-- ENTRIES PROVIDED follows --

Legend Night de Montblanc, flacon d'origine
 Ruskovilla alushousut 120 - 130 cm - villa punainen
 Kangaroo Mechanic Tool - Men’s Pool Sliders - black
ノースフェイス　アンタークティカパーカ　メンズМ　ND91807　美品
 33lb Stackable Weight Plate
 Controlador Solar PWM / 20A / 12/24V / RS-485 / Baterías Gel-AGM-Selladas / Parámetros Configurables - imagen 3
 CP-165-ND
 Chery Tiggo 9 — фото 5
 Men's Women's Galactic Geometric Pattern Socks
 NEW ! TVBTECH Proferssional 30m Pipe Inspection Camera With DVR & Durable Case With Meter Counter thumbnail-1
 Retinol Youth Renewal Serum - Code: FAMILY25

-- ENTRIES PROVIDED concluded --

**ASSIGNMENT**
Retype the lines above without alteration. The first is the one containing "Kangaroo Mechanic Tool", and the last is the final line of the data.

**RESPONSE TO THIS EXERCISE**
 Kangaroo Mechanic Tool - Men’s Pool Sliders - black
ノースフェイス　アンタークティカパーカ　メンズМ　ND91807　美品
 33lb Stackable Weight Plate
 Controlador Solar PWM / 20A / 12/24V / RS-485 / Baterías Gel-AGM-Selladas / Parámetros Configurables - imagen 3
 CP-165-ND
 Chery Tiggo 9 — фото 5
 Men's Women's Galactic Geometric Pattern Socks
 NEW ! TVBTECH Proferssional 30m Pipe Inspection Camera With DVR & Durable Case With Meter Counter thumbnail-1
 Retinol Youth Renewal Serum - Code: FAMILY25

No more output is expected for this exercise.